Ce texte n’exige pas que ces personnes soient titulaires d’un « mandat » du copropriétaire lui-même aux termes duquel celui-ci accepte la candidature et renonce à se présenter. La simple justification de leur qualité semble suffire[5].
En l’état actuel du texte, l’accord du copropriétaire concerné, exprès ou tacite, n’est pas non plus expressément requis. La question se pose donc de savoir si une candidature spontanée d’un de ces « non-copropriétaires » est recevable. L’esprit du texte semble commander que seul le copropriétaire concerné ou son représentant puisse présenter une candidature au conseil syndical.
Point d’attention : rien n’empêche que le conseil syndical soit composé de plusieurs membres d’une même famille bien qu’une . Une telle composition peut puisse poser des difficultés liées à la représentativité, par ailleurs souhaitable.
d. La durée du mandat des membres du conseil syndical.
Les conseillers syndicaux sont élus pour une durée qui ne peut excéder trois ans renouvelables. Aucune disposition n’oblige à prévoir que la durée du mandat des conseillers syndicaux soit calquée sur la durée de mandat du syndic.
La durée du mandat doit être précisée dans la résolution ; à défaut elle est d’une durée de trois ans renouvelable, à compter de la date de leur désignation par l’assemblée générale. Cette durée peut être définie par un terme (une date calendaire) ou par une durée déterminée.
Pour éviter toute vacance du conseil syndical, il est recommandé que la durée soit en tous les cas supérieure à 12 mois, afin de s’assurer que le conseil syndical soit toujours en fonction le jour de l’assemblée générale annuelle suivante.
Si le conseil syndical n’a pas atteint le nombre maximal de membres[6], un copropriétaire peut présenter sa candidature avant l’expiration du mandat des autres membres du conseil syndical. L’assemblée générale fixe la durée de son mandat, mais il est opportun de prévoir que celui-ci prendra fin à la date d’échéance prévue pour les mandats des autres conseillers syndicaux.
e. La désignation de conseillers syndicaux suppléants (art. 25 du décret du 17 mars 1967).

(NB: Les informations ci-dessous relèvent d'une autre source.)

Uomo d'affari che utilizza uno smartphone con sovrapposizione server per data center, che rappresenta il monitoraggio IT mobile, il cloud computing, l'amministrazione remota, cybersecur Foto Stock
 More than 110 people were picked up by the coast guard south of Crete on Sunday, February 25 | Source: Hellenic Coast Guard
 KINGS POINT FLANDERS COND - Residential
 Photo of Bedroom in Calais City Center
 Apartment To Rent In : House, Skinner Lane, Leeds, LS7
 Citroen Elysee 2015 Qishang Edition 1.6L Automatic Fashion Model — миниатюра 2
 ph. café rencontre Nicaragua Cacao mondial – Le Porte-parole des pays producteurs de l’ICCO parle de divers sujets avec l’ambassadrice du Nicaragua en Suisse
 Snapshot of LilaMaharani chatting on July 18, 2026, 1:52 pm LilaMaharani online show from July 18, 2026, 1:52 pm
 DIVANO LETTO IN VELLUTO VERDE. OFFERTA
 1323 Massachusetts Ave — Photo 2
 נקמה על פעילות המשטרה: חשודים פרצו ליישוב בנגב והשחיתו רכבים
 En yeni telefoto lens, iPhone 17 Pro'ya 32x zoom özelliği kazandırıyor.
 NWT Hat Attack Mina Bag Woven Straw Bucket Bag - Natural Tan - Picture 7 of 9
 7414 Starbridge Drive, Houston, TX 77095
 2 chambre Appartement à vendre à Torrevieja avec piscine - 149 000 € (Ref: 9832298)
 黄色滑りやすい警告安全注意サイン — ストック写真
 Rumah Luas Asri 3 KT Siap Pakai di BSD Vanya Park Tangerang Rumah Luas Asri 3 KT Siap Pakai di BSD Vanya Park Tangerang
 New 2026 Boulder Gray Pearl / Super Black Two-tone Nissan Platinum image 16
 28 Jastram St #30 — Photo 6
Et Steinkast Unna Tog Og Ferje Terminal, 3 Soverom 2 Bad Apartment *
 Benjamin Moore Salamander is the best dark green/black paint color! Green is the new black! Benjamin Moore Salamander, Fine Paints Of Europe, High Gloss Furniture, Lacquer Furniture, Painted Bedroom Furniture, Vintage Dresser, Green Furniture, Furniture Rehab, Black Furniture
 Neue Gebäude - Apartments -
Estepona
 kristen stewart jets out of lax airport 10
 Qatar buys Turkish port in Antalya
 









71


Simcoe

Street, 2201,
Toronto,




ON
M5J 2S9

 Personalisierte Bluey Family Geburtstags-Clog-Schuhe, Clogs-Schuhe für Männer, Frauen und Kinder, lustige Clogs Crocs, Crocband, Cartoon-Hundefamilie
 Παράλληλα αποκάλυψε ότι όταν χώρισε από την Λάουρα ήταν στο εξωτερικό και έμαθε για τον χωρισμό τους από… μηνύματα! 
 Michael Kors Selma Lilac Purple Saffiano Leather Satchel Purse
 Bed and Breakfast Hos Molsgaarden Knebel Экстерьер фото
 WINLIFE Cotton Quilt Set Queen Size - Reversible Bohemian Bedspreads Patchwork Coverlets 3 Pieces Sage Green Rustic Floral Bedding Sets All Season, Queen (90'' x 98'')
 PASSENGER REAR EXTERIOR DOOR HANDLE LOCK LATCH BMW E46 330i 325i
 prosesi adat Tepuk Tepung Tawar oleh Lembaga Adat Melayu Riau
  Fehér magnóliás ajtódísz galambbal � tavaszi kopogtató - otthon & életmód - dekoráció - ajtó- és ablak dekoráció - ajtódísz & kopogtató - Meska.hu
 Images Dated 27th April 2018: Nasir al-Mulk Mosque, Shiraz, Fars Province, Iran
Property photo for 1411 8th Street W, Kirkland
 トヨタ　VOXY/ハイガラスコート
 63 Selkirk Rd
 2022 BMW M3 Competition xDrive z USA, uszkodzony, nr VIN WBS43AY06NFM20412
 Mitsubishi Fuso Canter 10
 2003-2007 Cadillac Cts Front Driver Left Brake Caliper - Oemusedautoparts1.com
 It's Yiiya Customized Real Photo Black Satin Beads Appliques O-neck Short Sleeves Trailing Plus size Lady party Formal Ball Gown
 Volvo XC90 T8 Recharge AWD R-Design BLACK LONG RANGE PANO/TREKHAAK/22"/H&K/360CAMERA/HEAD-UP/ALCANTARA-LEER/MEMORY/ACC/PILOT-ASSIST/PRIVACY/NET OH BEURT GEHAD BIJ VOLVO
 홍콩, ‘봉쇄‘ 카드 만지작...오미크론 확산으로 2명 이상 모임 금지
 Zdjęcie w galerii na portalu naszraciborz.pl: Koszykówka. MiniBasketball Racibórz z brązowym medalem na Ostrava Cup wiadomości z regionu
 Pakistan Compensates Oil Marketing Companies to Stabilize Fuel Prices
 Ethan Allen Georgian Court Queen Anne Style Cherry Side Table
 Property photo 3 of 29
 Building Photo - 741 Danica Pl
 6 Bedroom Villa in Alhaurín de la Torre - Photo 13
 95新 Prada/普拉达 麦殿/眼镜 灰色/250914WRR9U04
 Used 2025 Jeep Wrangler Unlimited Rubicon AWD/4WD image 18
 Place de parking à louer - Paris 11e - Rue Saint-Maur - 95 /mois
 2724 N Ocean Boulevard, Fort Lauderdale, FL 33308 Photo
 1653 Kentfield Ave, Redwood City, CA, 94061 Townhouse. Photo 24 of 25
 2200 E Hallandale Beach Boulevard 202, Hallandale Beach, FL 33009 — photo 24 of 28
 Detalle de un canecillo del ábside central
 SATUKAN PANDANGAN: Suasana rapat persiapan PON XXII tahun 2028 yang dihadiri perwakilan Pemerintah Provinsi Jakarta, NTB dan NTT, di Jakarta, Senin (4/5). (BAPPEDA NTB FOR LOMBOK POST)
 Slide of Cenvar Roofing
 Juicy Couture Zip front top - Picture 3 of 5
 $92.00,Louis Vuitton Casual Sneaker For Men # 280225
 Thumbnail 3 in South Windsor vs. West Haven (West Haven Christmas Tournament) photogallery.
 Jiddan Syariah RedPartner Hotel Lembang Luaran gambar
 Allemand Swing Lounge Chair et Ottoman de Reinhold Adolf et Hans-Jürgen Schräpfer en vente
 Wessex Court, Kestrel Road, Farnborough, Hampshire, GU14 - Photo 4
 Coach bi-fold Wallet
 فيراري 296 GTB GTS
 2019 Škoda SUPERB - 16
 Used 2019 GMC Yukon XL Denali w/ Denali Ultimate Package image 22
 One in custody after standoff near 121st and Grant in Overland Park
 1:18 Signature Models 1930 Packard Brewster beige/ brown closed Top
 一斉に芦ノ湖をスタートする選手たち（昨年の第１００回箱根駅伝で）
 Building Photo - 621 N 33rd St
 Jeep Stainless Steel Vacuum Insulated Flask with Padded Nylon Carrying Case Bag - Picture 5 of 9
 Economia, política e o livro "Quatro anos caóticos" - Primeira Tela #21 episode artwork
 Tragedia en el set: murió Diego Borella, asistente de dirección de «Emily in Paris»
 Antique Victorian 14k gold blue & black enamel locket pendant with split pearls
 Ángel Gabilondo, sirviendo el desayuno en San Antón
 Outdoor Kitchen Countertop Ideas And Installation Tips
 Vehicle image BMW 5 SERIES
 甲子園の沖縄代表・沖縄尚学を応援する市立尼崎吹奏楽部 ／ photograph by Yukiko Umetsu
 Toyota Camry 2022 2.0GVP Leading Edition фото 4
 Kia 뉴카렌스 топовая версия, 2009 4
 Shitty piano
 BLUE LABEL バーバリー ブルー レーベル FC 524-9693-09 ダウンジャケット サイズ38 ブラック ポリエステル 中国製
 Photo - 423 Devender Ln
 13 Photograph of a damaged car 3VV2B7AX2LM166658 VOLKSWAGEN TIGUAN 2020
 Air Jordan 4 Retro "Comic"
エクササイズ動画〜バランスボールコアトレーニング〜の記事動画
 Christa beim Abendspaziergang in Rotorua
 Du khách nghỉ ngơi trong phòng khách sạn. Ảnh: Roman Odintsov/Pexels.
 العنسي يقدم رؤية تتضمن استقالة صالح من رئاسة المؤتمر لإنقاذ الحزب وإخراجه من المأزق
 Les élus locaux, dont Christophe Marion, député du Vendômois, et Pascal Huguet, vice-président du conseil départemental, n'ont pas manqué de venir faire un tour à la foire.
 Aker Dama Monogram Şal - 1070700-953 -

A moins que le règlement de copropriété ne l’ait prévu, la désignation de membres suppléants est une simple faculté. Toutefois, cette désignation permet d’éviter que le conseil syndical soit irrégulièrement constitué, lorsque plus d’un quart des sièges devient vacant, pour quelque cause que ce soit.
[1] Le groupe de travail est composé de : Matthieu Poumarède, professeur de droit ; Denis Brachet, géomètre-expert ; Véronique Bacot-Réaume, expert judiciaire ; Patrick Baudouin, avocat ; Christelle Coutant-Lapalus, professeur de droit ; Éliane Frémeaux, notaire honoraire ; Laurence Guégan-Gélinet, avocat ; Florence Bayard-Jammes, enseignant-chercheur ; Agnès Lebatteux, avocat ; Stéphane Lelièvre, notaire ; Bernard Pérouzel, expert ; Olivier Safar, syndic de copropriété.
[2] Il pourrait en aller autrement lorsqu’une copropriété remplit les conditions tant de la section relative aux « Dispositions particulières aux syndicats dont le nombre de voix est réparti entre deux copropriétaires » que de la section relative aux « dispositions particulières aux petites copropriétés », si l’on considère que l’application des dispositions est cumulative.
[3] Sauf dans les petites copropriétés définies à l’article 41-8 de la loi, dans lesquelles le règlement de copropriété peut être mis en conformité avec les nouvelles dispositions de la loi du 10 juillet 1965 (art 41-9 de la loi qui dispense ces copropriétés de l’obligation de constituer un conseil syndical) par application de l’article 24 f, donc à la majorité des voix exprimées des copropriétaires présents, représentés ou ayant voté par correspondance.
[4] Civ. 3e, 17 nov. 2016, n° 15-23.027.
[5] Contra, CA Paris 26 oct. 2000 n° 2000/07252 et n° 2000-128261 ; CA Rouen, 30 mars 2005 : JurisData n° 2005-273550 ) ; églt Rép. min. n° 21593, JOAN 5 mars 1990, p. 1088.
[6] Lorsque le règlement de copropriété comporte un nombre maximal et un nombre minimal, le conseil syndical peut être régulièrement constitué, sans pour autant que le nombre maximum de membre soit atteint. Il en est de même si certains sièges deviennent vacants, mais que le seuil du quart de siège vacant n’est pas atteint.